"Blame our performance on corruption, red tape and poor infrastructure."
Economic managers of President Duterte are mightily proud that in the past two years, the Philippines generated average foreign direct investments of $10 billion per year, or $20 billion combined for 2018 and 2017.
Yet, compared to what the Philippines’ ASEAN neighbors got as FDI in recent years, a $10-billion FDI per year seems like a pittance.
In 2017, the latest year for which comparative ASEAN data is available, FDI increased 11.6 percent to a record $137 billion from $122.8 billion in 2016 in the whole of ASEAN.
Of the $137 billion, Singapore was the top destination, with $62 billion or a hefty 45.3 percent of the total FDI. Indonesia was No. 2 with $23.1 billion or 16.9 percent; Vietnam No. 3 with $14.1 billion or 10.3 percent, and the Philippines, just No. 4, with $10 billion or 7.3 percent.
In other words, for every $100 FDI in ASEAN in 2017, Manila got a paltry $7.30. This is the share of a country that is supposed to be the fastest growing in Asia, after China, with average economic growth under Duterte of 6.5 percent per year, the highest achieved by a PH president since 1986.
If you reckon FDI among the original five ASEAN members – Singapore, Indonesia, Malaysia, Thailand, and the Philippines—PH has been last, or next-to-the-last, choice of foreign investors.
Among the ten ASEAN members today, PH was No. 6 in FDI received in 2012, No. 6 in 2013, No. 5 in 2014, No. 6 in 2015, and No. 4 in 2016 and 2017 (see accompanying chart).
The ASEAN study of FDI in 2010-2017 does not explain why the Philippines is not exactly top of mind among investors who want to park their money, long term, in the region.
To me, there are three main reasons—corruption, red tape, and poor infrastructure.
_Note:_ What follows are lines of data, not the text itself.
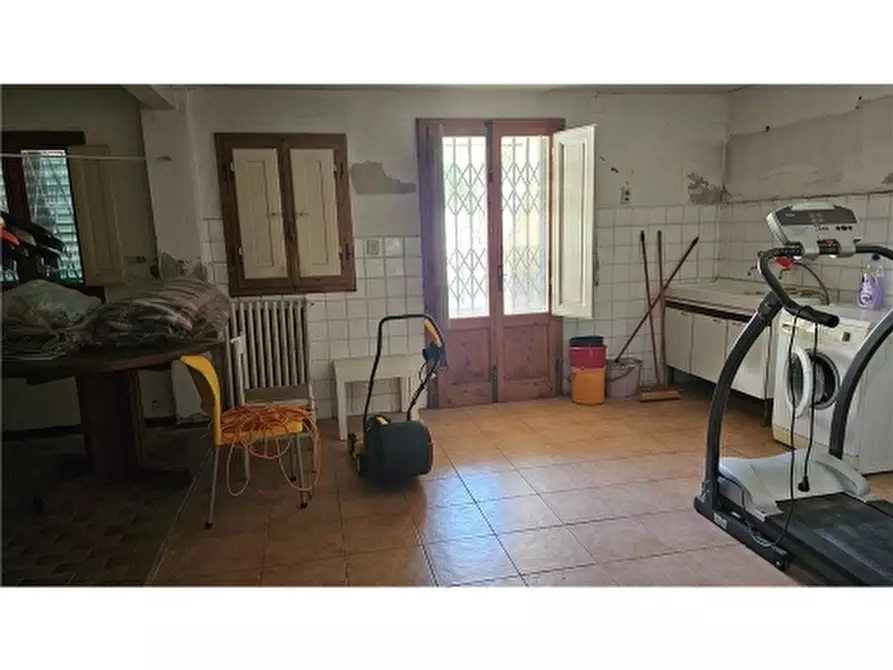 Immagine 14 di Villa in vendita  a Empoli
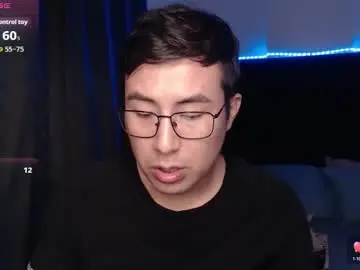 Chaturbate Live Sex Cam of andrewmhilton_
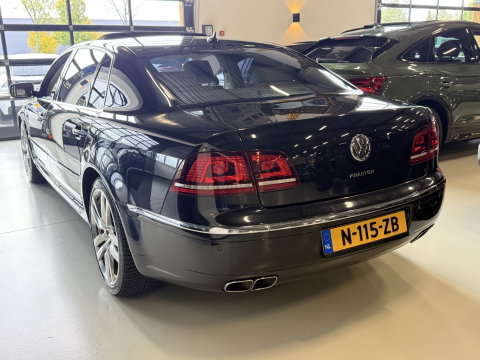 Volkswagen Phaeton 4.2 V8 335PK 4p. Lang VIP Exclusive / Highline / LED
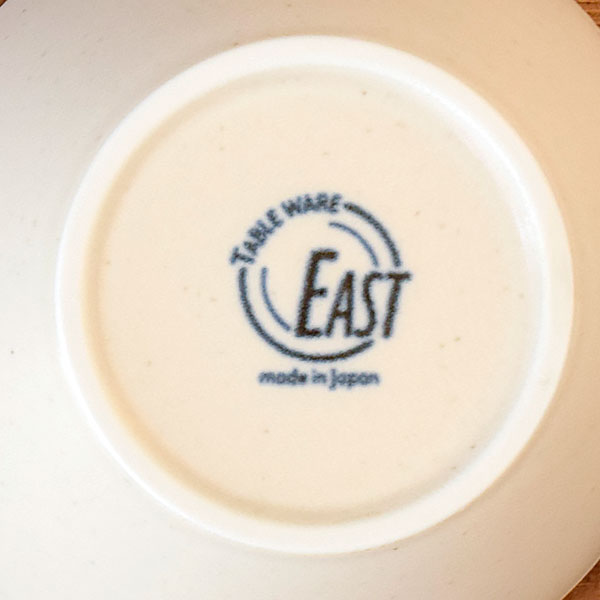 裏面のロゴでさりげないオリジナリティを演出。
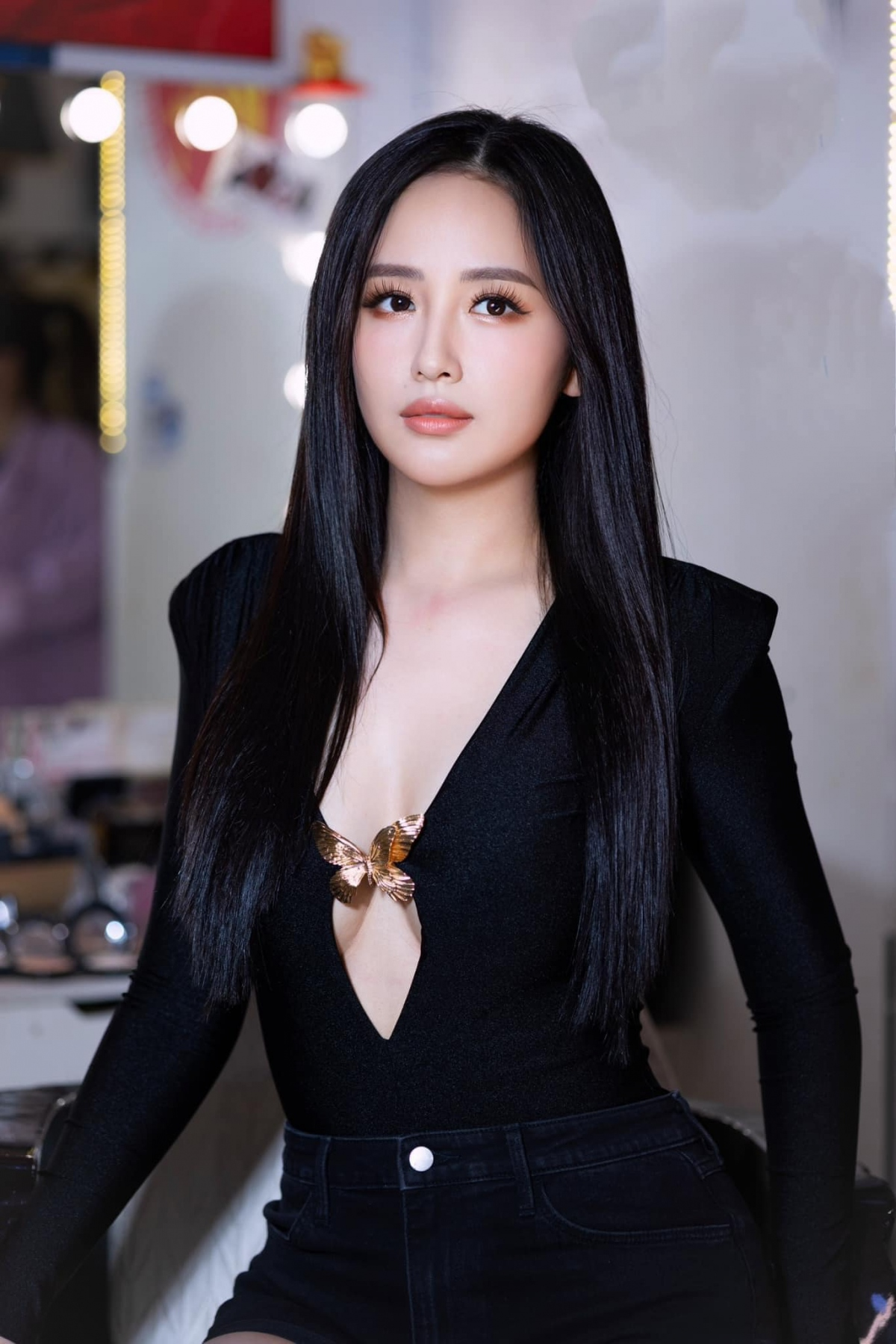 2,4 triệu người không tin đây là Mai Phương Thuý, sao trông Hoa hậu lại như thế này?- Ảnh 6. 2,4 triệu người không tin đây là Mai Phương Thuý, sao trông Hoa hậu lại như thế này?- Ảnh 6.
It takes two hours for your workers to commute, one way, from home to their place of work. Food near the office or factory is not exactly palatable nor cheap, and it eats up a third of a day’s salary.
Investors have to grease palms to get perfunctory approvals and permits and cut through the bureaucratic labyrinth. It takes two years to five years to get all the permits—more than 150—for a real property project like a condominium.
It takes a least a month to get an ordinary business permit, a process that takes ten minutes to a day in Singapore or Canada.
You have to buy fire extinguishers from the fireman who inspects your proposed business venue. Although that is now prohibited under the Ease of Doing Business Law, will a businessman complain? The same fireman or engineer certifies anyway the fire extinguisher you buy from an outside source like Ace Hardware or True Value.
The premise of requiring of prospective business to get a fire clearance is ridiculous – it assumes that you are going to burn your place down, after you have invested so much in your business.
Ordinary mortals like job applicants have to secure, say, an NBI clearance repeatedly before they can be hired. To get a birth certificate is a whole-day effort at PSA, you standing in line for hours among the throbbing heaving mass of humanity that smells like they haven’t had a bath for a century.
To be sure, private businesses are equally guilty of vexatious red tape. The biggest advocates of red tape are the banks—your so-called friendly bank.
Under the guise of KYC – know your client (an invention of the Bangko Sentral)—banks have the habit of trying to establish, first, that you are human being, and second, that you are a decent human being.
So for a credit card or a loan application, they dig up your past and your present and try to predict your future (usually, they become pessimistic)—until you show them, you have a house and lot, a car, a stable income or business (outside of drugs), and are well-connected (banks do ask for references).
But then once you have established you have some money, you realize you don’t actually need the bank—for a credit card or a loan.